Skip to main content

Overview

Planasonix automatically maintains your managed lakehouse tables to ensure optimal query performance and efficient storage usage. The maintenance scheduler runs daily as a background service, executing the right operations at the right frequency.

Operations

Snapshot & Version Expiry (Daily)

Removes old snapshots (Iceberg) and log entries (Delta) that exceed your retention period.
  • Default retention: 7 days
  • Safety: Always keeps at least 2 most recent snapshots/versions
  • Iceberg: Removes expired snapshots from metadata JSON, updates snapshot-log
  • Delta: Deletes old .json log files before the 2nd-to-last checkpoint

Orphan File Cleanup (Biweekly)

Detects and safely removes data files not referenced by any metadata.
1

Detect

Lists all files under data/ and cross-references with Iceberg manifests and Delta log add actions.
2

Stage

Moves unreferenced files to an orphans/ directory and creates a cleanup manifest.
3

Delete

On the next maintenance run, permanently deletes previously staged orphans.
The two-phase approach prevents accidental deletion of recently written files that may not yet appear in metadata.

Metadata Cleanup (Daily)

Keeps only the current + 3 previous metadata files:
  • Iceberg: .metadata.json files in metadata/
  • Delta: .checkpoint.parquet files in _delta_log/

Parquet File Compaction (Weekly)

Rewrites small Parquet files into larger ones for better query performance.
SettingDefaultRange
Target Size128 MB8–1024 MB
Min Files2
Process:
  1. Identifies Parquet files smaller than the target size
  2. Reads all rows and sorts by partition columns
  3. Writes new files at the target size
  4. Commits to both Iceberg (new snapshot) and Delta (new log entry)
  5. Refreshes column statistics (min/max, null counts) for up to 200 columns

Delta Log Checkpointing (Every 10 Versions)

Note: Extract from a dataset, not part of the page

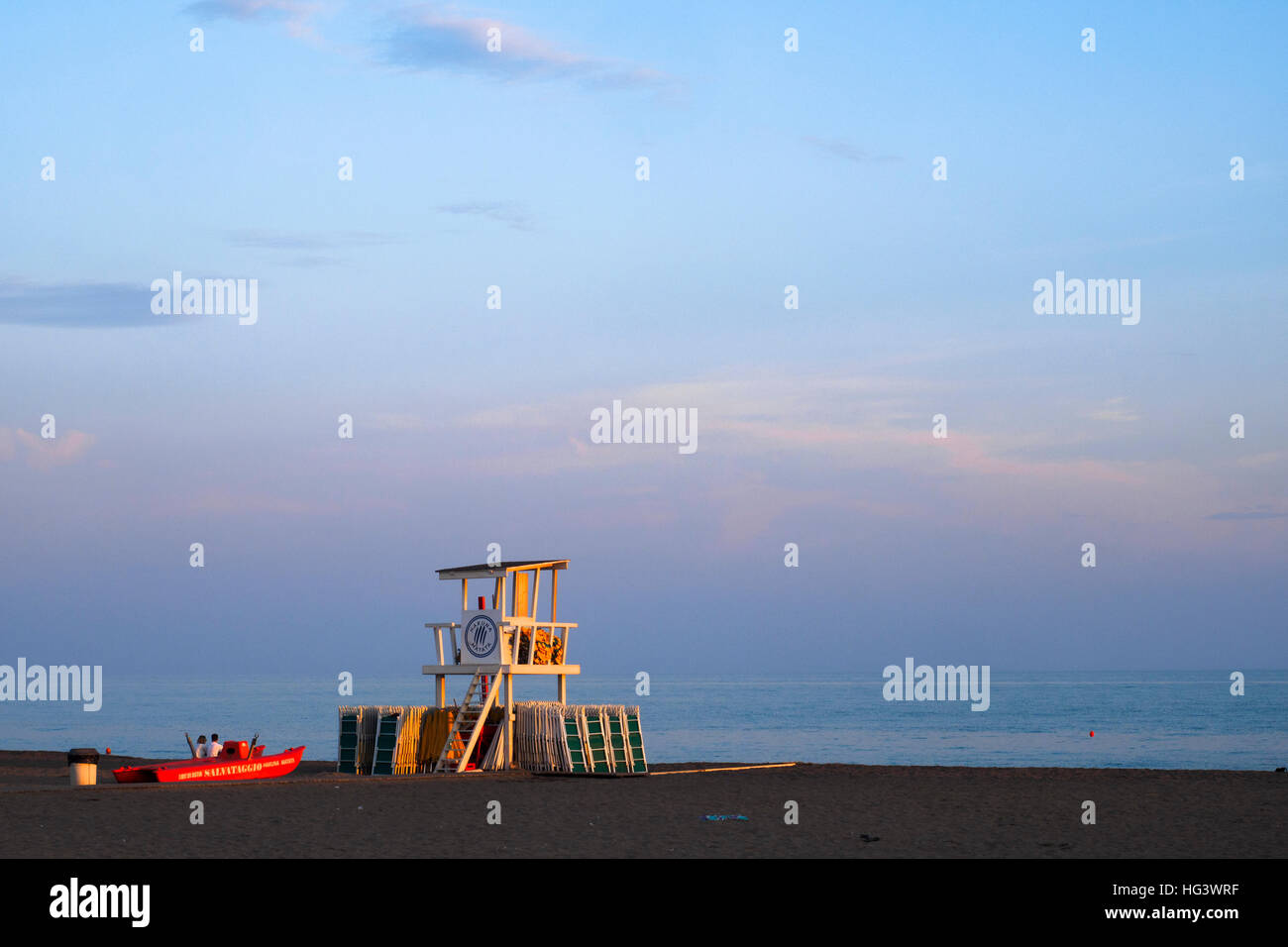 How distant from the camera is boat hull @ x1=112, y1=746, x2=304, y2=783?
27.1m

Writes a checkpoint file every 10 Delta log versions to speed up log replay for query engines.

Delete Marker Cleanup (Daily, Delta Only)

Removes Delta remove actions (tombstones) older than min(7 days, retention period).

Configuration

Per-Table Settings

Update maintenance config via API:
curl -X PUT https://api.planasonix.com/api/managed-lakehouse/tables/{id}/maintenance/config \
  -H "Authorization: Bearer flx_your_api_key" \
  -H "Content-Type: application/json" \
  -d '{
    "snapshotRetentionDays": 14,
    "compactionTargetMb": 256
  }'

View Current Config

curl https://api.planasonix.com/api/managed-lakehouse/tables/{id}/maintenance/config \
  -H "Authorization: Bearer flx_your_api_key"
Response:
{
  "snapshotRetentionDays": 14,
  "compactionTargetMb": 256,
  "lastMaintenanceAt": "2026-04-09T02:00:00Z",
  "nextMaintenanceAt": "2026-04-10T02:00:00Z"
}

Manual Trigger

Trigger any maintenance operation on demand:
curl -X POST https://api.planasonix.com/api/managed-lakehouse/tables/{id}/maintenance \
  -H "Authorization: Bearer flx_your_api_key" \
  -H "Content-Type: application/json" \
  -d '{"operation": "compaction"}'
Available operations:
  • snapshot_expiry — Expire old Iceberg snapshots
  • version_expiry — Expire old Delta log versions (alias for Delta format)
  • orphan_cleanup — Detect and stage/delete orphan files
  • compaction — Compact small Parquet files
  • metadata_cleanup — Remove old metadata files
  • delta_checkpoint — Write Delta checkpoint
  • delete_marker_cleanup — Clean up Delta delete markers
  • full_maintenance — Run all operations sequentially

Maintenance History

View past maintenance runs:
curl https://api.planasonix.com/api/managed-lakehouse/tables/{id}/maintenance/history \
  -H "Authorization: Bearer flx_your_api_key"
Response:
{
  "runs": [
    {
      "id": "run-uuid",
      "operation": "compaction",
      "status": "completed",
      "filesRemoved": 0,
      "filesCompacted": 12,
      "bytesReclaimed": 52428800,
      "snapshotsExpired": 0,
      "startedAt": "2026-04-09T02:00:00Z",
      "completedAt": "2026-04-09T02:01:30Z",
      "durationMs": 90000
    }
  ]
}

Scheduler Behavior

  • Frequency: Runs every 24 hours
  • Concurrency: Up to 4 tables maintained concurrently
  • Initial delay: 30 seconds after server startup
  • Ordering: Processes tables by next_maintenance_at (oldest first)
  • Limits: Processes up to 100 tables per cycle